By Reilly Otto
Hello. My name is Reilly Otto. Ever since February 7, 2005 when I was eight years old, I have lived knowing that I would have type I diabetes for the remainder of my life. But given how unique the condition may be, it really doesn’t change much about how a person can live their life. For one, ever since I could walk by myself, I have walked with a soccer ball at my feet. Soccer is one of my most favorite passions in life and I have continued to play it to the present. Even though diabetes came into my life, it has never once side-lined me or prevented me from playing to my heart’s desires. If anything it has made me more aware of my surroundings so I wouldn’t face plant during practice or a game during a low or play sluggish and not play at my best during a high reading.
Another big part of my life comes through my scouting aspect.

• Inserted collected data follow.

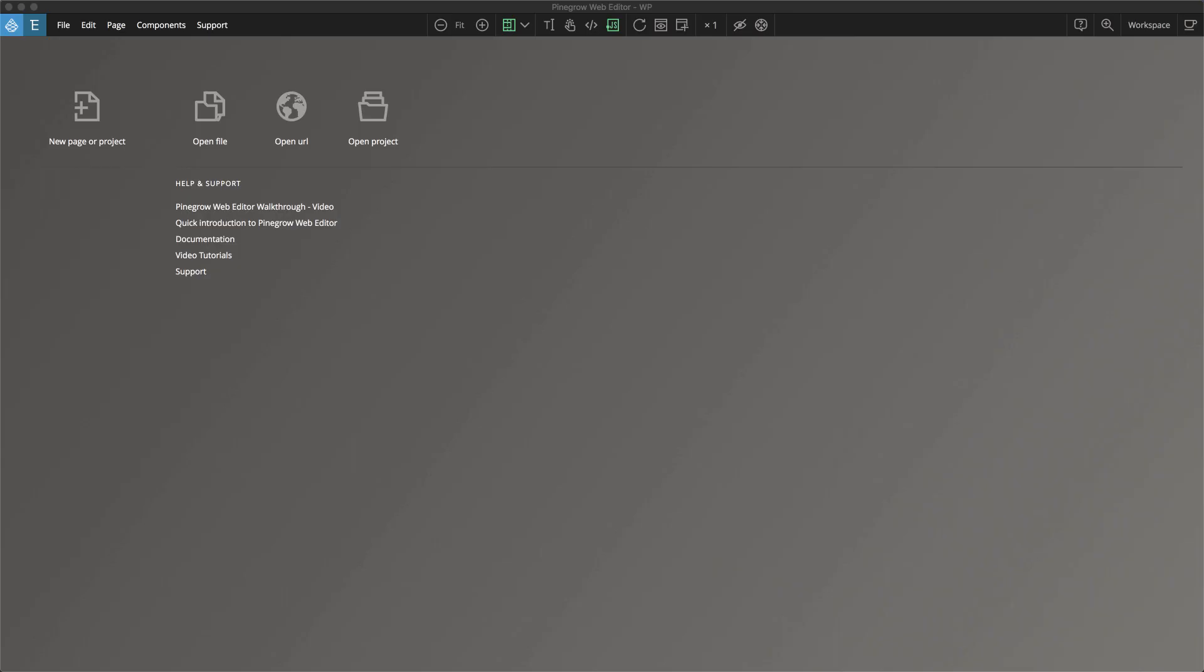PineGrow blocks are now a built-in part of the PineGrow Bootstrap 4 Framework. They allow you to very quickly put together a great-looking page. The blocks are automatically added to any new Bootstrap 4 projects.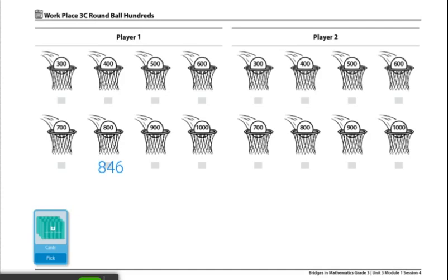The first player to get a number in each basket wins the game. This is the end of the directions for Workplace 3C Round Ball Hundreds.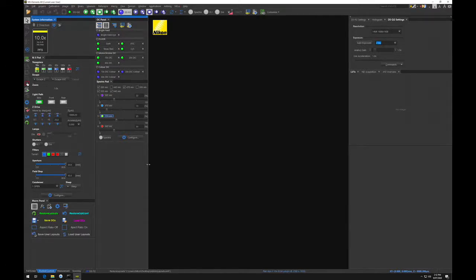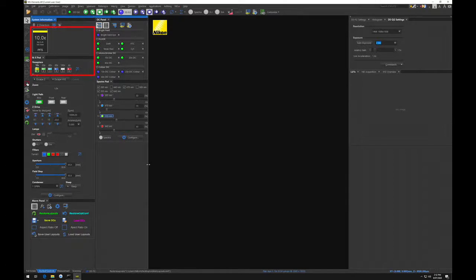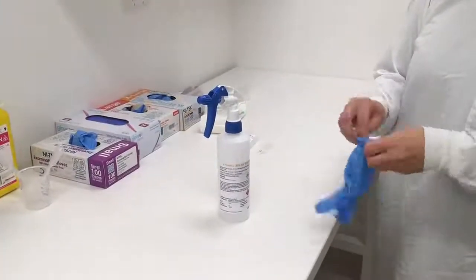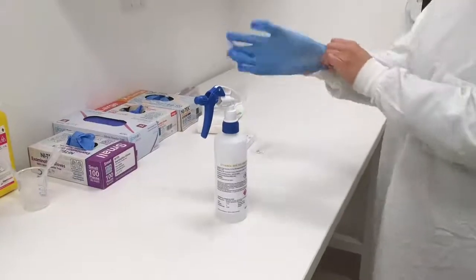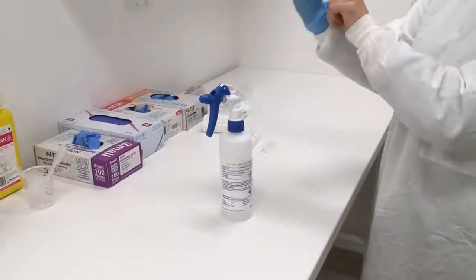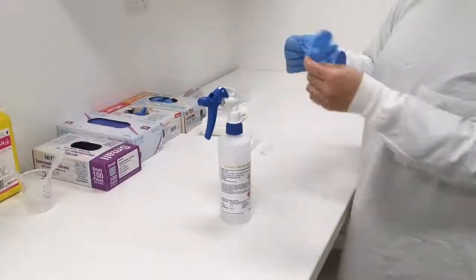The microscope should start off with a low magnification lens in place. Please switch to the 4x or 10x magnification if it isn't already there. Now you are ready to place your sample on the microscope stage. Before doing so, put on a pair of nitrile gloves.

I became a Cub Scout in the second grade and have progressed from there to a Boy Scout where I hold the rank of a Life Scout, with Eagle Scout right after. In the troop to which I belong, we attend a campout once a month all over the state of Oklahoma, from The Great Salt Plains searching for crystals, to the Alabaster Caverns, to the Wichita Mountains for yearly hikes, and our annual float trip down the Illinois River. Even with all these vigorous activities, diabetes still doesn’t control what I do; in fact it’s the condition that has to adapt to the activities I choose to be a part of. Because of Boy Scouts I have also spent time away from home, spending a week and a half in West Virginia for the National Boy Scouts Jamboree this past July. I have camped more than 70 overnight campouts, most being remote areas combined with vigorous outdoor activities. My scouting has afforded many opportunities to me, especially planning an Eagle project at my church. On one of my 2 trips to Washington, D. C., I was inspired by the prayer labyrinth at the National Cathedral and I hope to be able to build a prayer labyrinth at my church; with adequate donations it will become a reality.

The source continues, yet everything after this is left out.